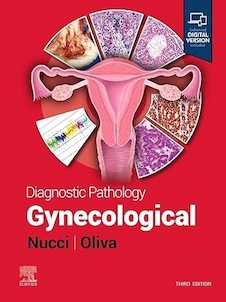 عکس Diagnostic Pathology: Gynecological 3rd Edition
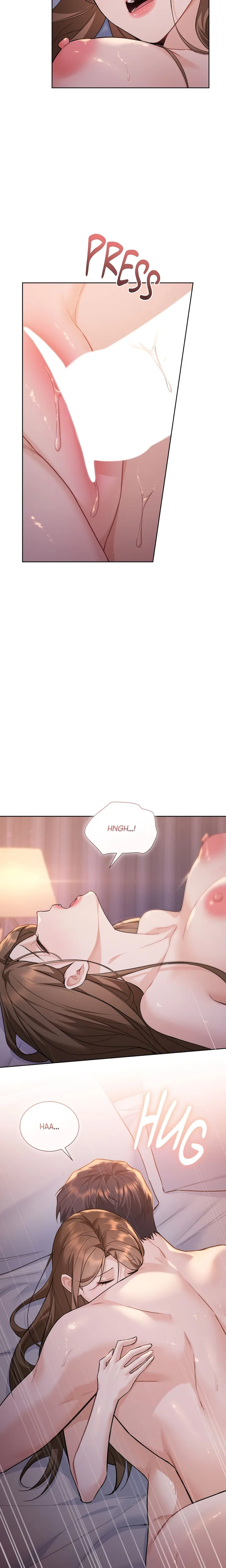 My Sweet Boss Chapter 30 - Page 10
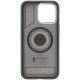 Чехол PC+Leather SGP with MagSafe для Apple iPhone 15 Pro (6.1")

---

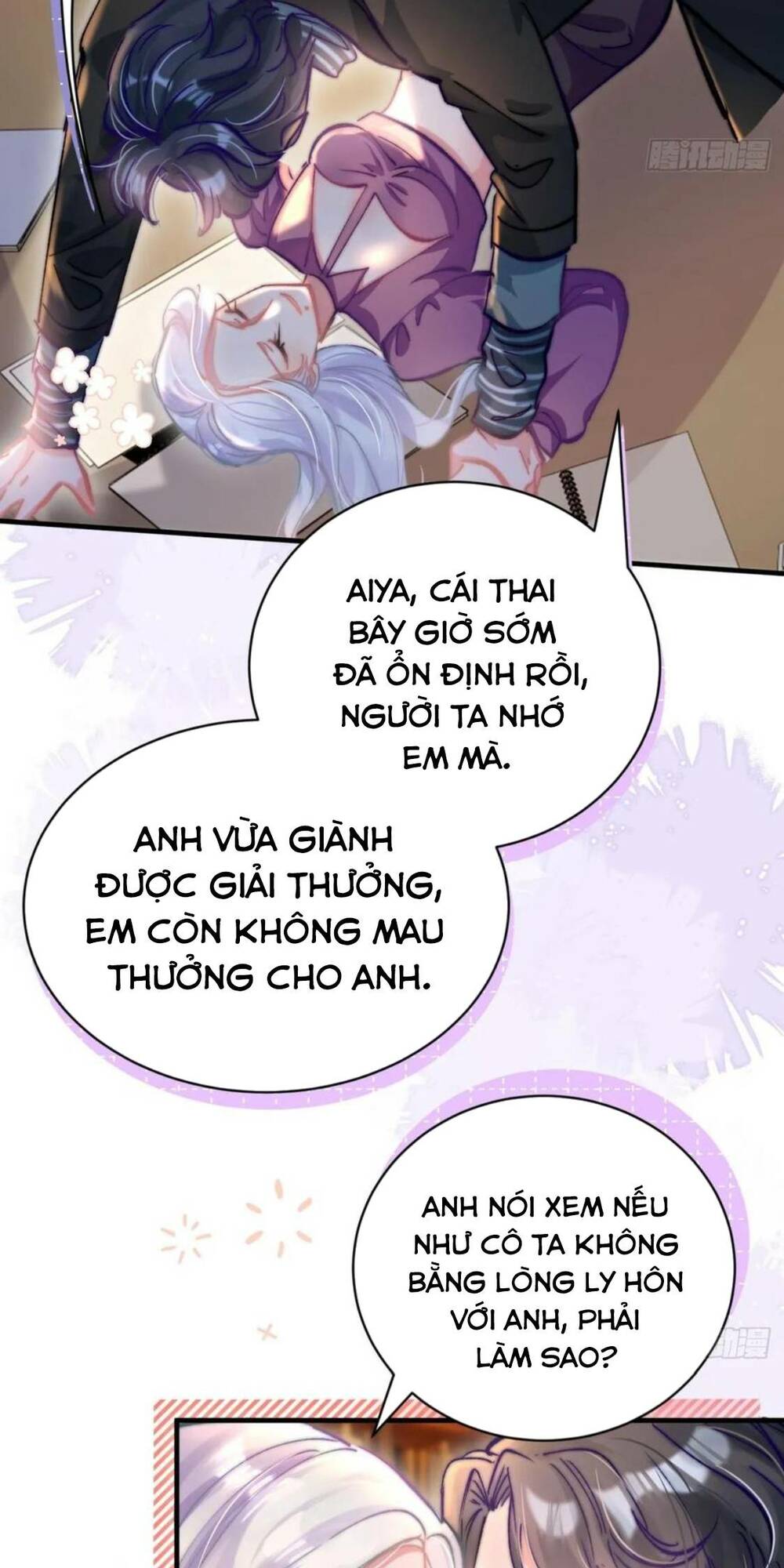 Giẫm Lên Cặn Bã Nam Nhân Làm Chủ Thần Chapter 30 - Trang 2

---

DIRECTIONS FOR THIS TASK: Using the data above, set down each line from the line with "عکس Diagnostic Pathology: Gynecological" to the line with "Чехол PC+Leather SGP" exactly, both ends included, and leave the pictures behind. Nothing else belongs.

RESULT:
 عکس Diagnostic Pathology: Gynecological 3rd Edition
 My Sweet Boss Chapter 30 - Page 10
 Чехол PC+Leather SGP with MagSafe для Apple iPhone 15 Pro (6.1")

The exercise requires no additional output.